Il y a ainsi la question du dépaysement qui fait son apparition, celle d’un territoire nouveau que l’on appréhende sans préjugés, sans formes toutes faites et pré-définies. En l’occurrence Embrun et ses montagnes incarnant dans l’imaginaire collectif un formidable terrain de jeu mais aussi le refuge de forces mystérieuses et incontrôlables. Dévaler la montagne, virevolter dans les herbes, repose ainsi sur une forme d’humilité, de légèreté dans la reconnaissance de l’espace à investir.

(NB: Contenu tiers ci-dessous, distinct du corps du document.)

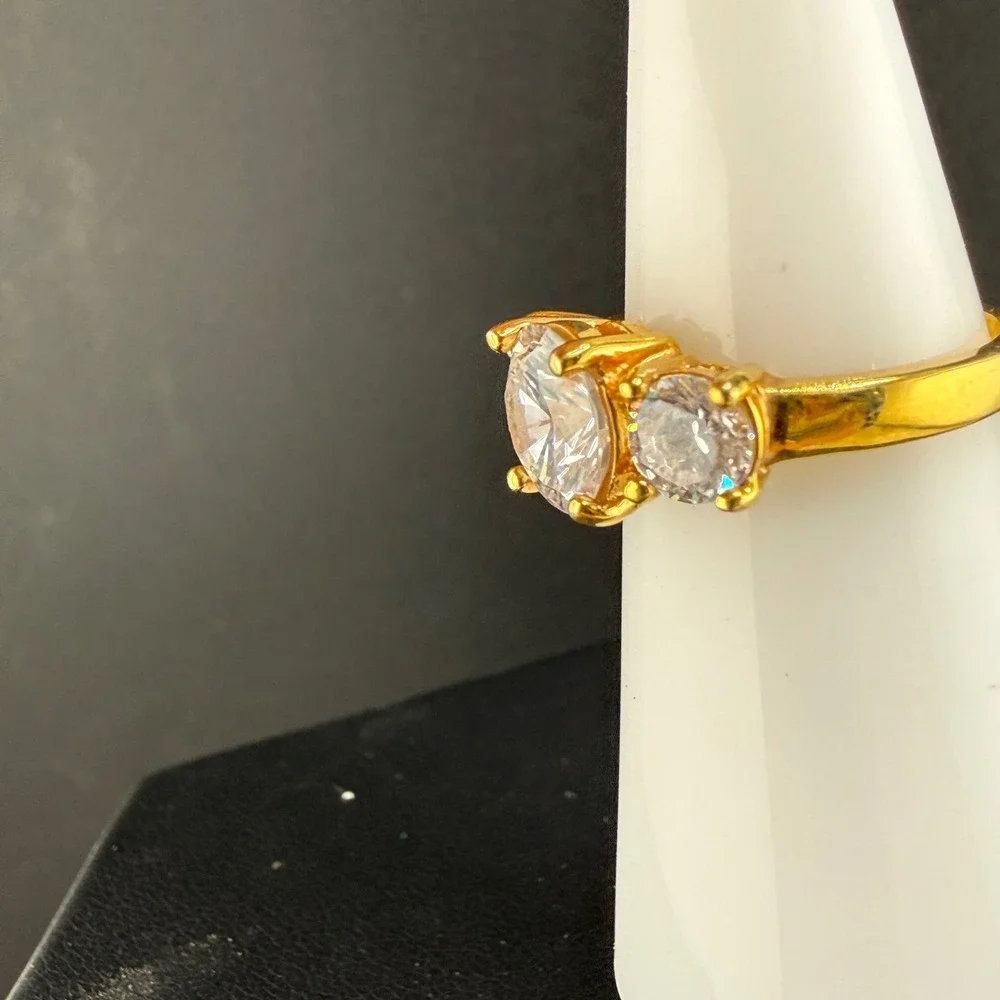 Vintage Rhinestone Ring Gold Tone Three Stone Round Clear Size 6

On prend le temps de le découvrir et de composer avec ce qu’il propose ; sans passage en force.
Au delà du territoire, le dépaysement, ici, se joue aussi au sein même de cette petite communauté à trois créée pour l’occasion. Céline, Charlie et David n’ont en effet jamais travaillé ensemble et pourtant ils abordent ce projet avec l’intention de réaliser une exposition véritablement collective, en échangeant les uns avec les autres, en imbriquant leurs réalisations et non en juxtaposant simplement des pièces autonomes. Chacun s’adapte à l’autre, accueille au sein de son dispositif des éléments extérieurs à lui-même et inversement, investit le dehors. De la même manière qu’en errant, le tumbleweed répand sa semence tout en accrochant des résidus dans le maillage de ses tiges. L’idée de perte s’accompagne ainsi de celle du gain. L’unité est d’ailleurs très relative dans le travail de Céline, Charlie et David, chaque pièce n’étant que le fragment d’un tout en perpétuel devenir. Dévaler la montagne, virevolter dans les herbes, par la liberté à laquelle elle aspire, ses mouvements doubles, ses vas-et-viens entre intérieur et extérieur, entre chute et envol, entend recréer les conditions joyeuses d’un système suspendu et autonome qui met en œuvre le pouvoir de l’invention et de la transformation des formes et des matières.
Solenn Morel
[1] Jean-Yves Jouannais,Artistes sans œuvres, I would prefer not to, Editions Hazan, 1997, p.32.